Wine sampler packs are a great way to buy wine—and to sell it. Customers usually pay less than if they’d bought each bottle individually, and retailers are willing to clip the price because packs help move more wine.
Both effects are exaggerated when a pack is offered with an accompanying narrative. A boxed set called “Picnic Six” or “Winter Whites” or “Fireside” lets a customer imagine how she might serve these wines together. Even if she doesn’t take them on a picnic, drink them in February, or open them with her sweetie before a crackling fire (she might not even have a fireplace), she understands these wines were chosen to go together, and to mean something together. They suggest a story in which she can play a role.
The Ninety Plus Cellars’ “Holiday Essentials” six-pack arrives in box emblazoned with snowflakes, ornaments, and a tag labeled To: and From:. There’s no mistaking the narrative intent: it’s meant as a gift pack, especially one to take to party. Its $60 price tag is discounted from $80, so part of this narrative is also, clearly, “ten bucks a bottle.”
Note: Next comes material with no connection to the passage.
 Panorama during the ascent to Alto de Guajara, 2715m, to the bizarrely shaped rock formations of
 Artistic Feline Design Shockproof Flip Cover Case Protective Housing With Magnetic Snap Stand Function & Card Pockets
The pack includes one sparkler, two whites, and three reds. The range of styles, from earthy to juicy to fruity to fizzy, gives revelers options, plus pairs with an assortment of foods. I especially like the inclusion of Prosecco, which is a great starter wine, and the Languedoc red blend, which may be less familiar to many people but deserves some love. I was less impressed with the Riesling, and found the Cabernet Sauvignon weirdly smoky. But the Sauvignon Blanc and Pinot Noir would certainly be crowd-pleasers.
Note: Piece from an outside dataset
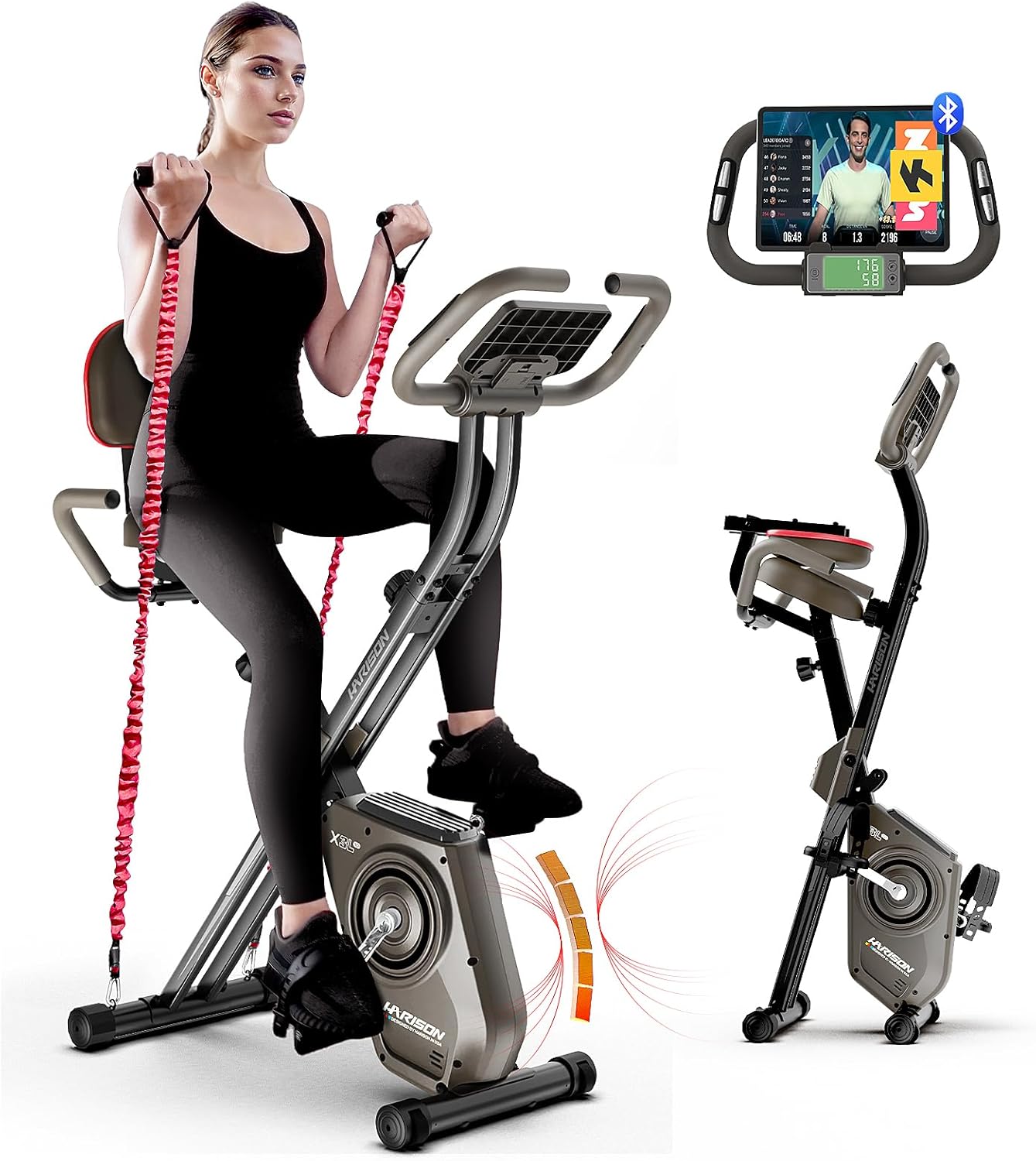 HARISON Folding Exercise Bike 350 LBS Capacity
Here’s the scene: A boisterous party, a knock at the door, a guest arrives with the box, which is promptly unpacked and the wines poured around. There’s something fresh in everyone’s glass, now, and people return to their chatter about work and kids and books and movies, about cat videos and Mayan calendars and when to plant their garlic. Everyone’s feeling warm and complete, not because of the food or wine, but because the old year lies behind them, and the auspicious green fields of the new lie ahead.
I can imagine that.
Ninety Plus Cellars Lot 50 Prosecco DOC NV
11.0% abv | about $14 purchased separately
Copious spumy bubbles fizz into aromas of tropical fruits and fresh cream. Yellow fruit flavors and a hint of salty savoriness keep it food-friendly. Festive and likeable; a good way to start a casual party.
Ninety Plus Cellars Lot 66 Riesling Mosel 2010
9.0% abv | about $11 purchased separately
Aromatically restrained and slightly bready, this wine is off-dry with faint hints of pear and yellow peach. Fresh and clean, although I prefer a bit more verve in Riesling. Pair it with seafood, especially white fish.
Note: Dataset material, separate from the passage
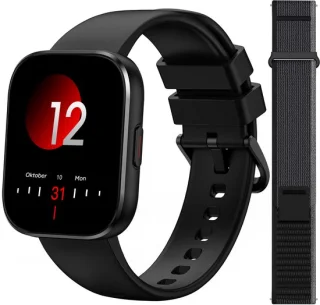Sytifro smartwatch dames zwart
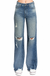 Petra High Waist Wide Leg Pants — white background view 2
Ninety Plus Cellars Lot 64 Sauvignon Blanc Lake County 2011
13.0% abv | about $12 purchased separately
This wine is floral but fully dry, redolent of gooseberry, green fruits, and white flowers. Medium bodied with spreading tropical fruits on the palate, it’s refreshing and zingy. Serve it with shrimp or fresh goat cheese.
Ninety Plus Cellars Lot 68 Pinot Noir Central Coast 2011
14.2% abv | about $16 purchased separately
Translucent rosy garnet with a clear pink rim, this Pinot offers notes of cranberry, pomegranate, and winter spices. It would be great with clove-studded ham or roasted, spice-rubbed pork.
Ninety Plus Cellars Lot 72 Cabernet Sauvignon Paso Robles 2010
14.0% abv | about $15 purchased separately
Intensely smoky, with notes of cedar, eucalyptus, and cured meat, but curiously light-bodied given its aromatic potency. Possibly a reasonable quaff with barbecue or smoked meats.
Ninety Plus Cellars Lot 21 French Fusion Languedoc AC 2010
14.0% abv | about $12 purchased separately
A blend of syrah, grenache, and mourvèdre, the wine is purplish ruby with leathery blackberry aromas. Flavors of black bramble fruits are edged with grippy tannins and typical southern French earthiness. Pair it with lamb kebabs, aged cheeses, and charcuterie.
*I received this wine pack as a media sample.